2) Brands may position products in very different quality/value submarkets by social occasion of use
For example, there are different segments of the take home ice cream markets whose prices bear no relationship to each other. A super-premium ice cream brand like Haagen-Dazs is not competing for the same end usage as an everyday block of ice cream for all the family. If in doubt ask consumers. Substitutable selections for Haagen-Dazs may be patisserie cakes, or other desserts fit for an adult dinner party.The ice cream block may be competing against jelly or tinned fruit for little Johnny.

3) If the top-priced market is a haute-couture fashion one, then all generalised pricing guidelines are cancelled
In the highest of fashion markets, snobby behaviour takes over with a vengeance.
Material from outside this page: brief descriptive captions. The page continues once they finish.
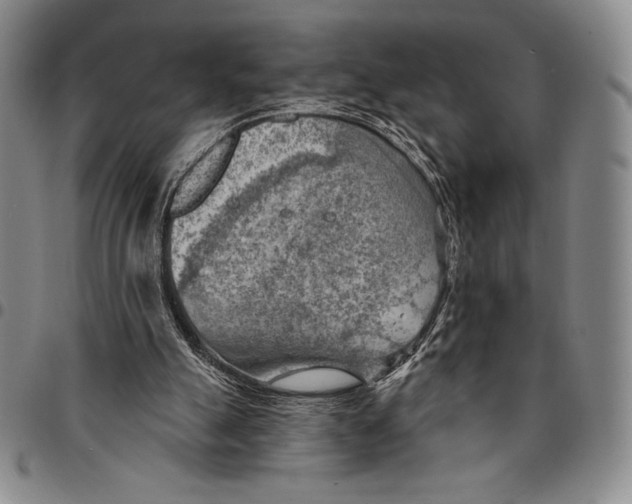 X0000094380055200711301409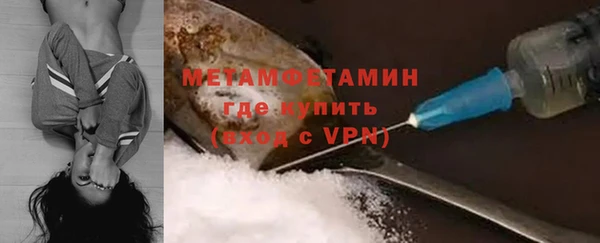 сатива Гусь-Хрустальный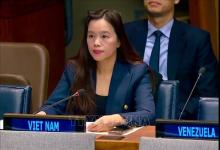 Vietnam prioritises building inclusive, equal, resilient society: diplomat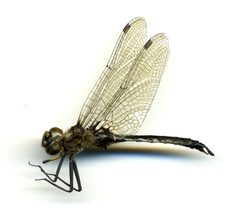 Epitheca spinigera by the Smithsonian. Used under a CC0 license.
People are prepared to pay any price, indeed may want to pay any price, if this means they feel visibly superior to all but a self-elected elite. You may debate whether this is ordinary branding territory or whether it is more appropriate to have a different word for this. Kapferer explains the French do, in their notion of marketing the "griffe":
Table 2 : Beyond mass marketing - the world of the "griffe"
In luxury markets, the French distinguish a special term of relationship, the so-called "griffes" or literally "claws". In reality, brands and griffes should be distinguished for the different grounds they cover.
The very word says much more. Its meaning as a 'claw' suggests instinct and violence; something unpredictable, that leaps out and leaves its mark. In this sense, the griffe is the mark of an inspired and instinctive creator. The griffe also has the same root as 'graphic', and it refers back to the hand. Its reference model is handmade work and craftsmanship.
Strategic Brand Management, Jean-Noel Kapferer
4) Balance of what may be "perceptually justifiable" makes pricing a fine art.
On one hand, it can be very risky for a brand to stretch its price premium to the upper limit of what is perceptually justifiable. Our evidence is that brand price elasticity seldom takes on the linear form which economic modelling assumes. Many brands have a critical pricing point up to which consumer response remains robust, but after which it falls over a precipice.
On the other hand, the brand leader which claims no price premium at all will often be underachieving in sales volume - let alone sales value, and profit. This happens because new or intermittent purchasers use price as a selection cue to the quality image of the brand. It also happens because loyal users like the reassurance that their brand is superior which a pricing premium, used in moderation, can give.
Towards a robust strategy for competing on value
A price that is "perceptually justifiable" in current competitive markets is only one aspect of branding a robust value strategy. Critical points to add to the picture of price decision-making include:
·Taking too high a price premium may encourage a new branded entrant to enter the market
·Taking too low a price premium may not enable you to invest in the future.
One newly urgent meaning of World Class competition is that being locally the lowest cost competitor may not now be enough. Are you low cost vis a vis scenarios of global competition, including new ones involving companies outside your traditional competitive set that may become intent on introducing discontinuities to the added value chain across a sphere of business? This is what Cott Corp is intent on doing in colas. Generic priced products can also suddenly emerge because of the branded supermarket's own need for competitive response to foreign retail entrants offering discount formats.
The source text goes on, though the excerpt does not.